### AVAILABLE DATA

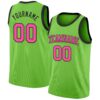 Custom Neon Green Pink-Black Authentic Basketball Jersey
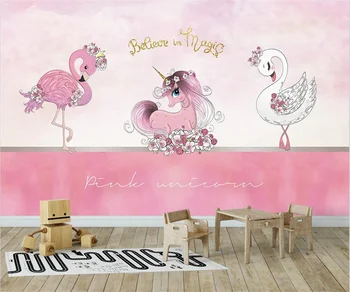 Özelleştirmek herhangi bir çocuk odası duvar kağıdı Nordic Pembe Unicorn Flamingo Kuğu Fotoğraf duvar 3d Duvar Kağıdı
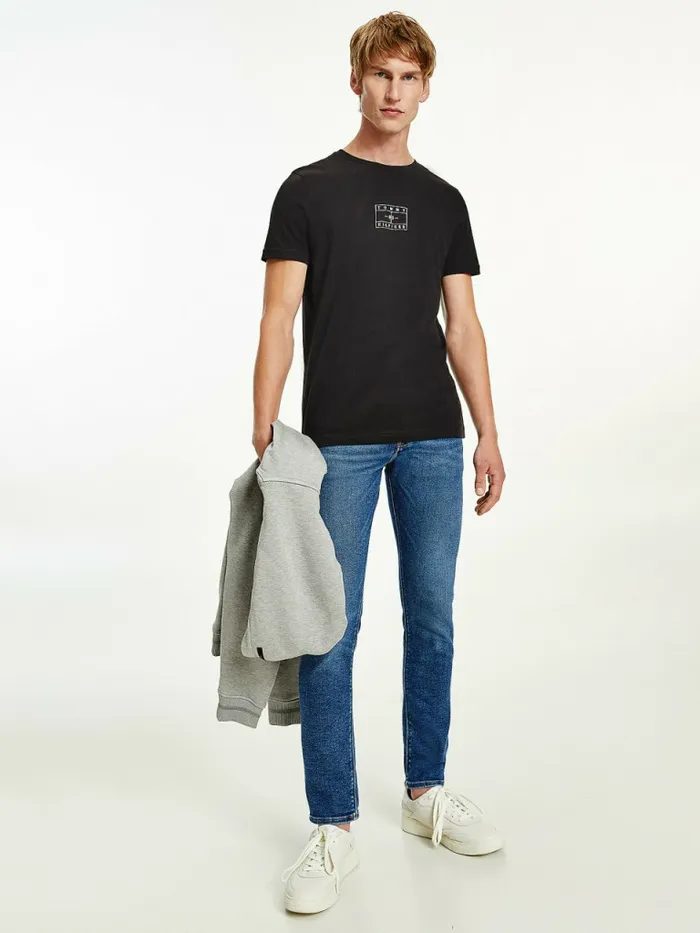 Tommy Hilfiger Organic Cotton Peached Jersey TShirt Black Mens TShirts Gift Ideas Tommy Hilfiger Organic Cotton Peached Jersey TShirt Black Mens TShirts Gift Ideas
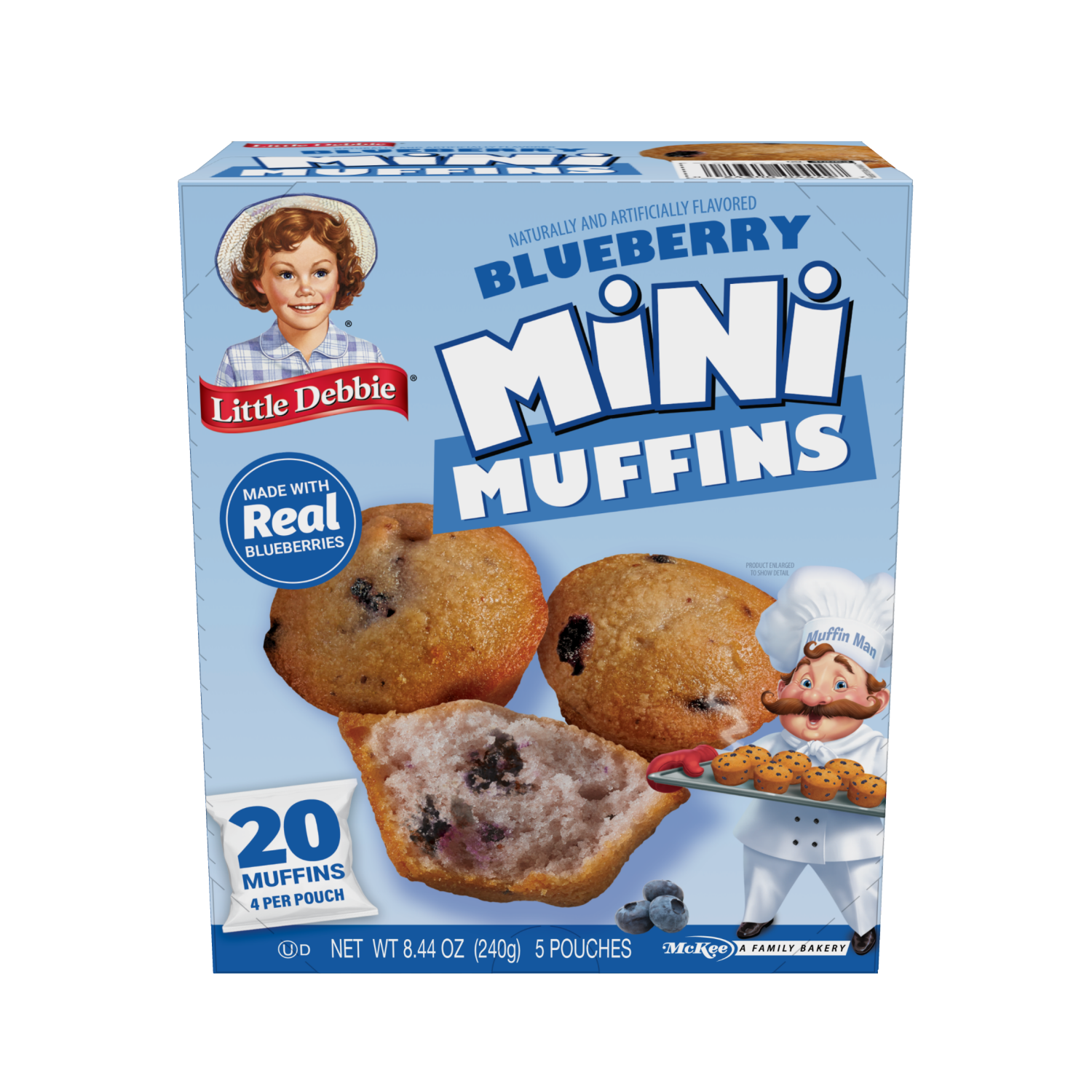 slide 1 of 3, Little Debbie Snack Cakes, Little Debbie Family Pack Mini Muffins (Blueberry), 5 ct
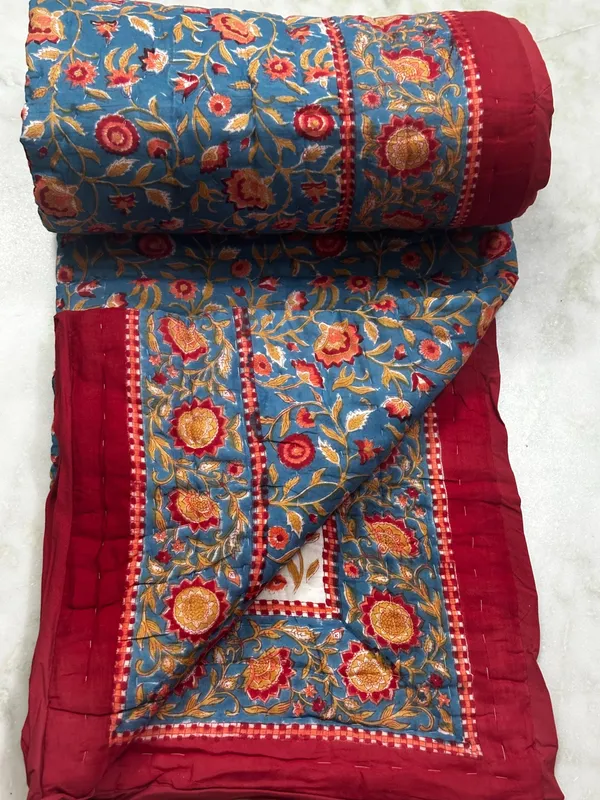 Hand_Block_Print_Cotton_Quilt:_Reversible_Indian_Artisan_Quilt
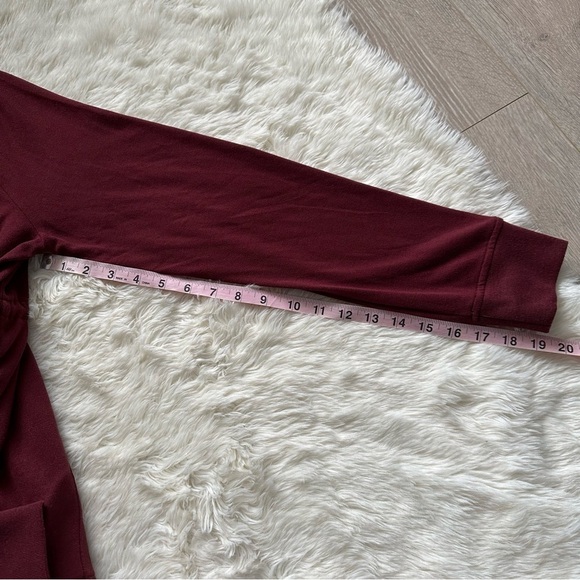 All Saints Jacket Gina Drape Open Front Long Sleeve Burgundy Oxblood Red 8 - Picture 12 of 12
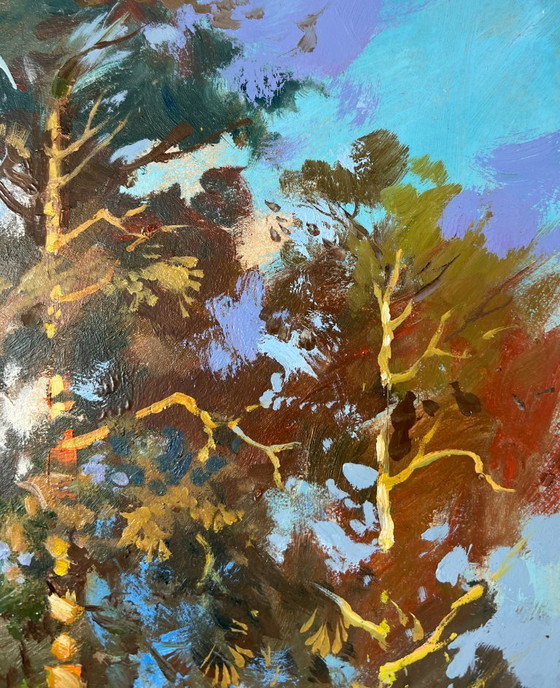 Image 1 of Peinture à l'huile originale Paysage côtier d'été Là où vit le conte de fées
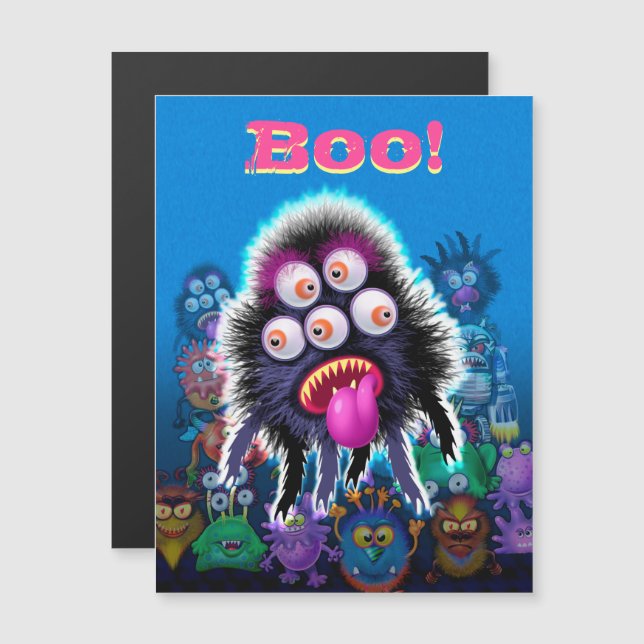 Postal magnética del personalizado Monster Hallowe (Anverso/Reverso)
--
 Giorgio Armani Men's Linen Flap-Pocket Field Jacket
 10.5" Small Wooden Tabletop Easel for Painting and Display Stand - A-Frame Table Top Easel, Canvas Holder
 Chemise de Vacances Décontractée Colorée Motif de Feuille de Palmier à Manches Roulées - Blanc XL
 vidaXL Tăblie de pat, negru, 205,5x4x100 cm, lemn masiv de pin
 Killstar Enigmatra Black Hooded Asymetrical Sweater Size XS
* * *
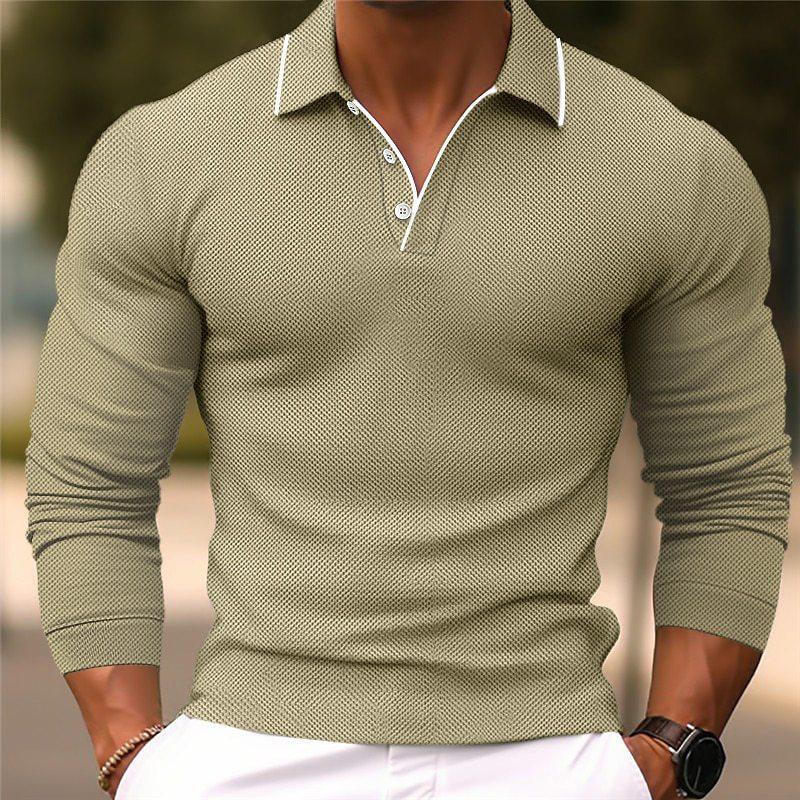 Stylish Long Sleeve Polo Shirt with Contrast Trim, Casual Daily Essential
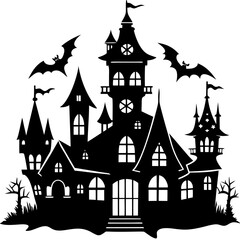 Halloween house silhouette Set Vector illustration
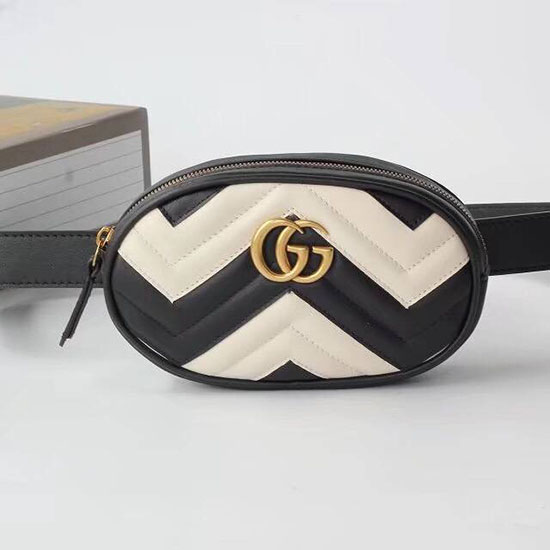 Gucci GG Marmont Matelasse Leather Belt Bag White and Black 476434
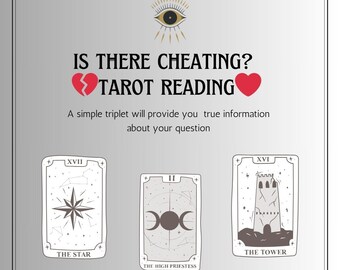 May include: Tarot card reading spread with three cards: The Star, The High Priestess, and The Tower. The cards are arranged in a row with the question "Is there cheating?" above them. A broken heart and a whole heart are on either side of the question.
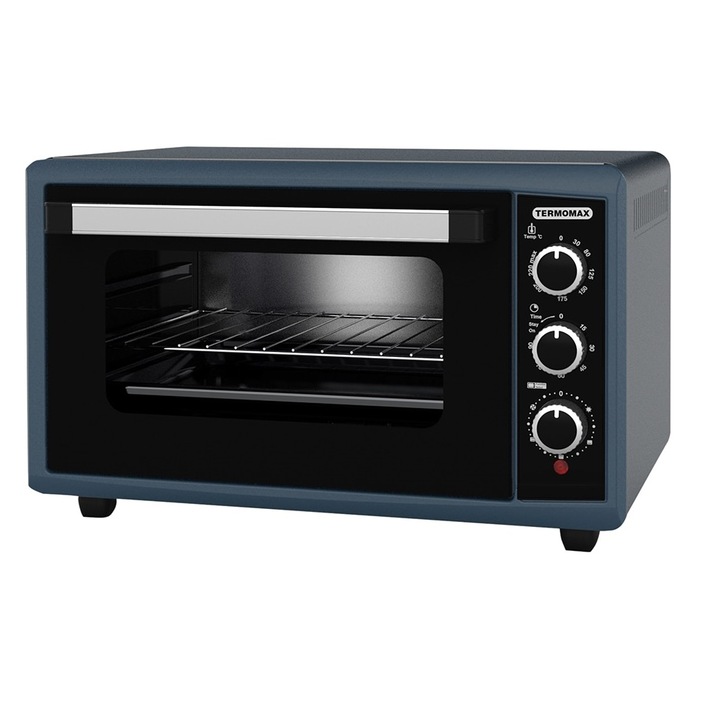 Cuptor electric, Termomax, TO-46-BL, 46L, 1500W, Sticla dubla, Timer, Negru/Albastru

### WHAT YOU SHOULD DO
The expected output is the lines above from the one containing "Image 1 of Peinture" to the one containing "Postal magnética del", both ends included, reproduced exactly with every picture left out.

### EXERCISE OUTPUT
 Image 1 of Peinture à l'huile originale Paysage côtier d'été Là où vit le conte de fées
 Postal magnética del personalizado Monster Hallowe (Anverso/Reverso)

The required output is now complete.